My points?  1) Follow the money, 2) Accountability, with checks and balances is important in research and education (government, religion, etc.), and 3) We are all fallen human beings. Contrary to what President Clinton said while in the White House, as humans we are not all “basically good people.” Made in the image of God, we are nonetheless fallen; power corrupts, and researchers need to be answerable not only to academia, but to society at large. These issues are too important to leave to scientists, and the church is far too important a voice to abstain from accountability discussions. We must remain attentive and involved in the forum.

 

TIU Blog 2011 Number 3

Reflections from the Front: End-of-Life Care

Reflections from the Front: End-of-Life Care

In the past sixteen months three members of my immediate family have died. Heart Disease, Dementia and Cancer claimed the lives of my father, my mother and my wife. If it were not for the resurrection, we would be totally bereft. As it is, we grieve, “but not as those who have no hope.”

In their last days, with each family member, we made the decision to not pursue all possible treatments at any cost, but instead only reasonable treatments, that would help mitigate pain and suffering, and whose benefits clearly outweighed the likely downsides to treatment. In regard to specific decisions, however, this may be easy to say, but not so easy to do.

Particularly for the Christian who continually prays for God’s miraculous interventional healing, it is tempting to continue to push, based on the possibility that God will intervene “soon”, if we have faith, and don’t give up the fight.

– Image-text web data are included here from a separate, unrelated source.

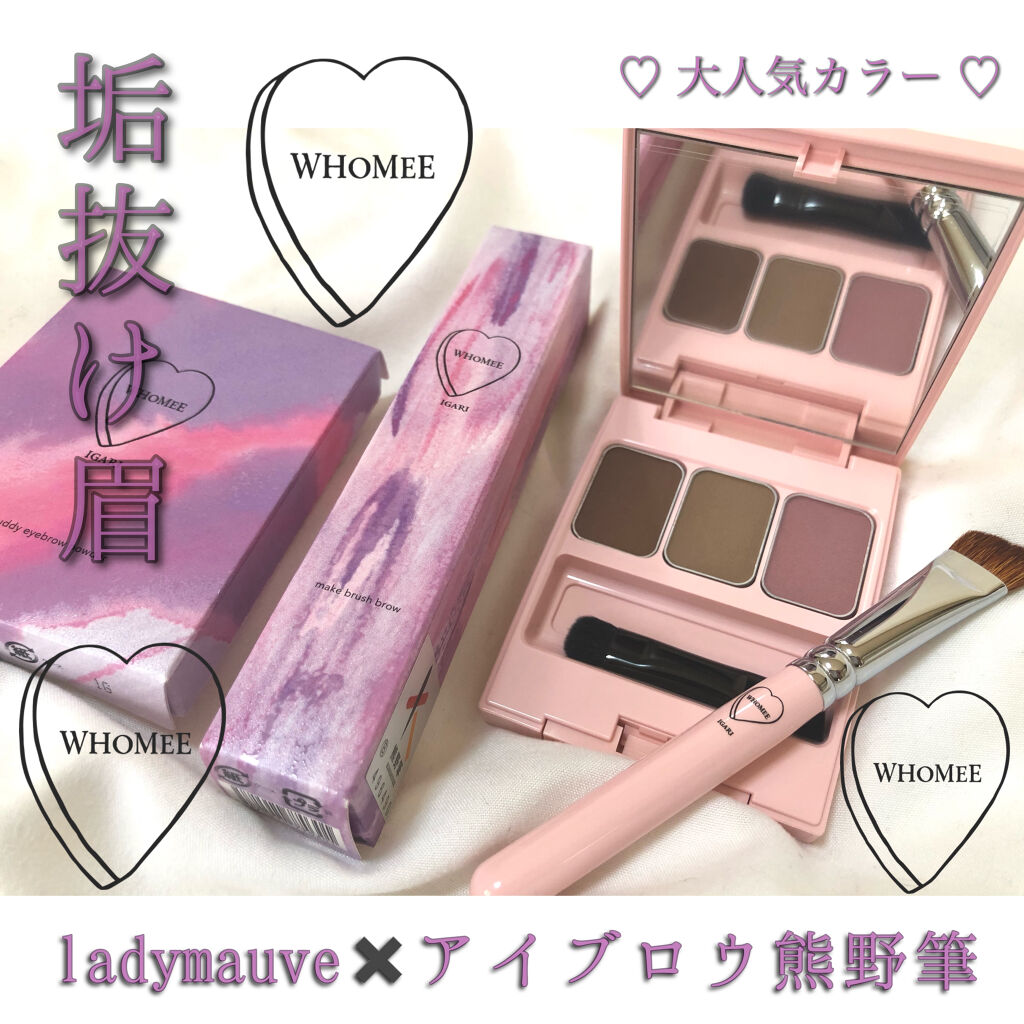 フーミー　アイブロウブラシ 熊野筆/WHOMEE/メイクブラシを使ったクチコミ（1枚目）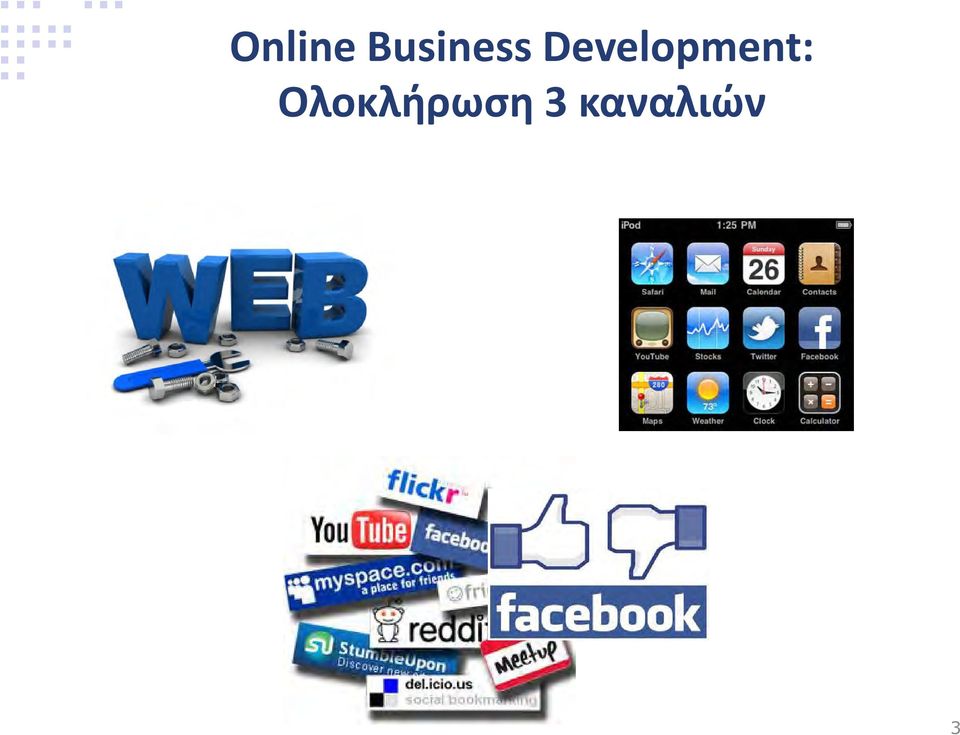 Development: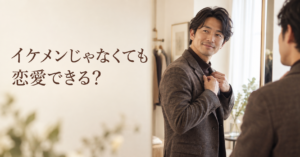 鏡の前でジャケットを整え、自分の魅力を見つめ直す男性
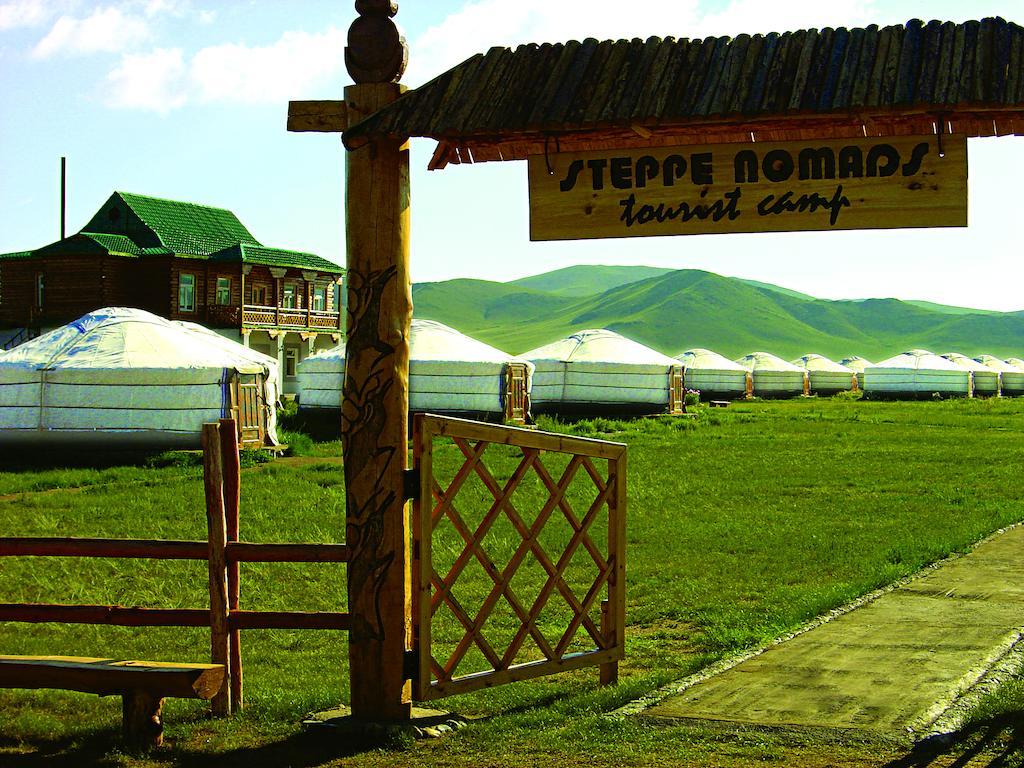 Steppe Nomads Eco Resort At Gungaluut أولان باتور المظهر الخارجي الصورة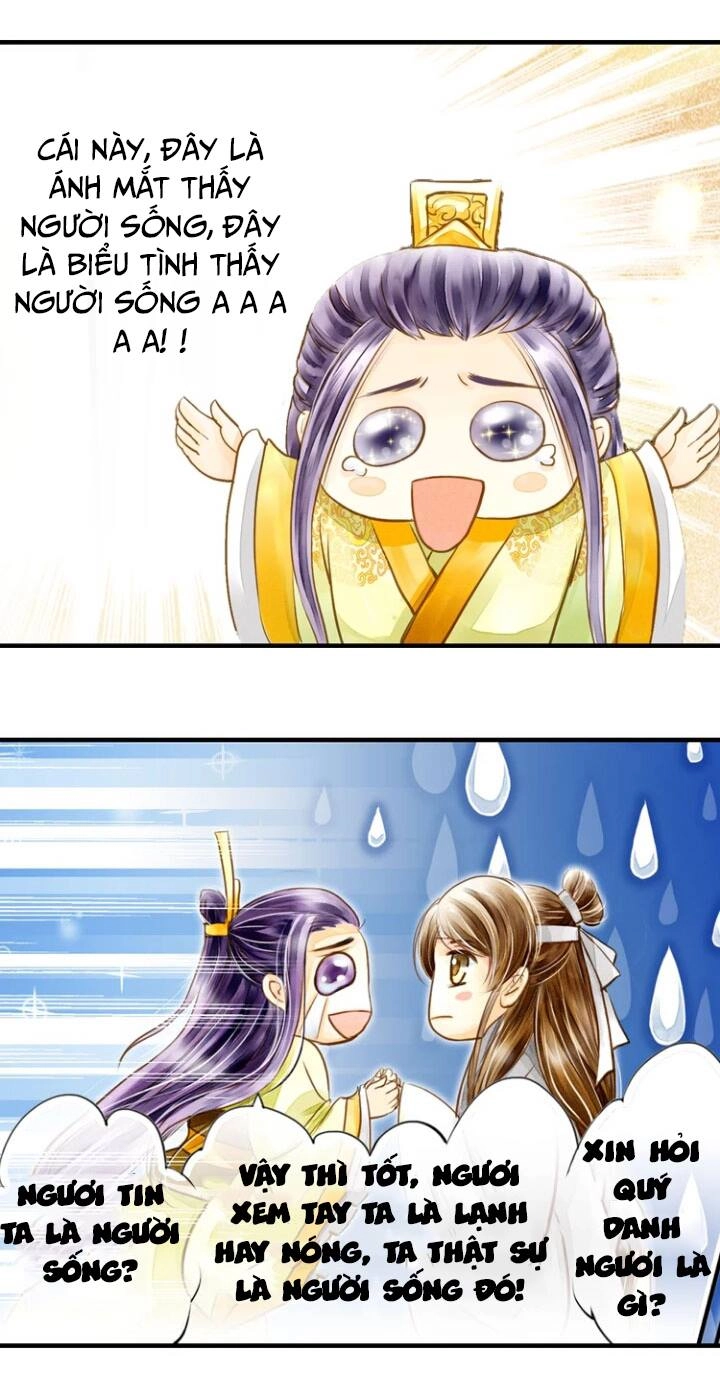 Hựu Nhất Xuân Chapter 2 - 20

Deciding when to transition care from a cure-orientation to a palliative care approach, can, at times, be especially difficult when the patient and the whole family are not at the same place at the same time.  The person who perhaps prophetically realizes that God’s healing may not come on this present earth may be perceived as being less committed, less loving, and less faith-filled. Perhaps; but perhaps they have an insight from the Lord.

Dr. John Dunlop, Internist and Geriatrician, recently wrote an outstanding, yet easy-to-read book– Finishing Well to the Glory of God, (2011, Crossway Books, Wheaton, Illinois,) covering just these issues. I highly recommend his book, which I found personally helpful. I would also recommend the website: http://www.cancer.gov/cancertopics/factsheet/Support/end-of-life-care

Discussions in the abstract, quoting probabilities of life, death, pain and disability can be almost mathematical. For populations these predictions have been found to be relatively accurate. For the patient or family member directly in front of you, they are much less helpful. When your time comes to deal with these issues as a provider, friend, or family member, I recommend Dr. Dunlop’s book, appropriate, accurate medical data, continuous prayer, and reliance on the Holy Spirit to help you walk through this minefield. I also recommend patience and love for your family circle members who aren’t where you are and a spirit of humility, forgiveness and grace as you make tough decisions.